OK, I try to explain the patch. Excuse me for a long writing.

* Purpose
  The basic idea is just "reducing the dead tuple to it's header info",
suggested by Andreas. This is a lightweight per-page sweeping to reduce
the consumption of free space map and the necessity of VACUUM; i.e,
normal VACUUM is still needed occasionally.

  I think it is useful on heavy-update workloads. It showed 5-10% of
performance improvement on DBT-2 after 9 hours running *without* vacuum.
I don't know whether it is still effective with well-scheduled vacuum.

* Why does bgwriter do vacuum?
  Sweeping has cost, so non-backend process should do. Also, the page worth
vacuum are almost always dirty, because tuples on the page are just updated
or deleted. Bgwriter treats dirty pages, so I think it is a good place for

* Locking
  We must take super-exclusive-lock of the pages before vacuum. In the patch,
bgwriter tries to take exclusive-lock before it writes a page, and does
vacuum only if the lock is super-exclusive. Otherwise, it gives up and
writes the pages normally. This is an optimistic way, but I assume the
possibility is high because the most pages written by bgwriter are least
recently used (LRU).

* Keep the headers
  We cannot remove dead tuples completely in per-page sweep, because
references to the tuples from indexes still remains. We might keep only
line pointers (4 bytes), but it might lead line-pointer-bloat problems,
so the headers (4+32 byte) should be left.

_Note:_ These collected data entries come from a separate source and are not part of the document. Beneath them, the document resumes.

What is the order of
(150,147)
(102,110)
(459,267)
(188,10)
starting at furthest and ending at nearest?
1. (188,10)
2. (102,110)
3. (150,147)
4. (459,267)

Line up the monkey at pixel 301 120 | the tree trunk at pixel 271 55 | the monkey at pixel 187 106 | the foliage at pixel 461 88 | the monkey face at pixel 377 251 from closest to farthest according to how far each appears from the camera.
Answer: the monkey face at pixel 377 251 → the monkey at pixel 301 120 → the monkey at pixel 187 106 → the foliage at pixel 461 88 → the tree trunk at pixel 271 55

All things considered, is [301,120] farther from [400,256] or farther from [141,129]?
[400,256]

* Other twists and GUC variables in the patch
- Bgwriter cannot access the catalogs, so I added BM_RELATION hint bit
  to BufferDesc. Only relation pages will be swept. This is enabled by
  GUC variable 'bgvacuum_relation'.
- I changed bgwriter_lru_maxpages to be adjusted automatically. Backends
  won't do vacuum not to disturb their processing, so bgwriter should write
  most of dirty pages. ('bgvacuum_autotune')
- After sweepping, the page will be added to free space map. I made a simple
  replacement algorithm of free space map, that replaces the page with least
  spaces near the added one. ('bgvacuum_fsm')

* Issues
- If WAL is produced by sweeping a page, writing the page should be pended
  for a while, because flushing the WAL is needed before writing the page.
- Bgwriter writes pages in 4 contexts, background-writes for LRU, ALL,
  checkpoint and shutdown. In current patch, pages are swept in 3 contexts
  except shutdown, but it may be better to do only on LRU.

* Related discussions
- Real-Time Vacuum Possibility (Rod Taylor)
    | have the bgwriter take a look at the pages it has, and see if it can do
    | any vacuum work based on pages it is about to send to disk
- Pre-allocated free space for row updating (like PCTFREE) (Satoshi Nagayasu)
    | light-weight repairing on a single page is needed to maintain free space
- Dead Space Map (Heikki Linnakangas)
    | vacuuming pages one by one as they're written by bgwriter

Thank you for reading till the last.
I'd like to hear your comments.

ITAGAKI Takahiro
NTT Cyber Space Laboratories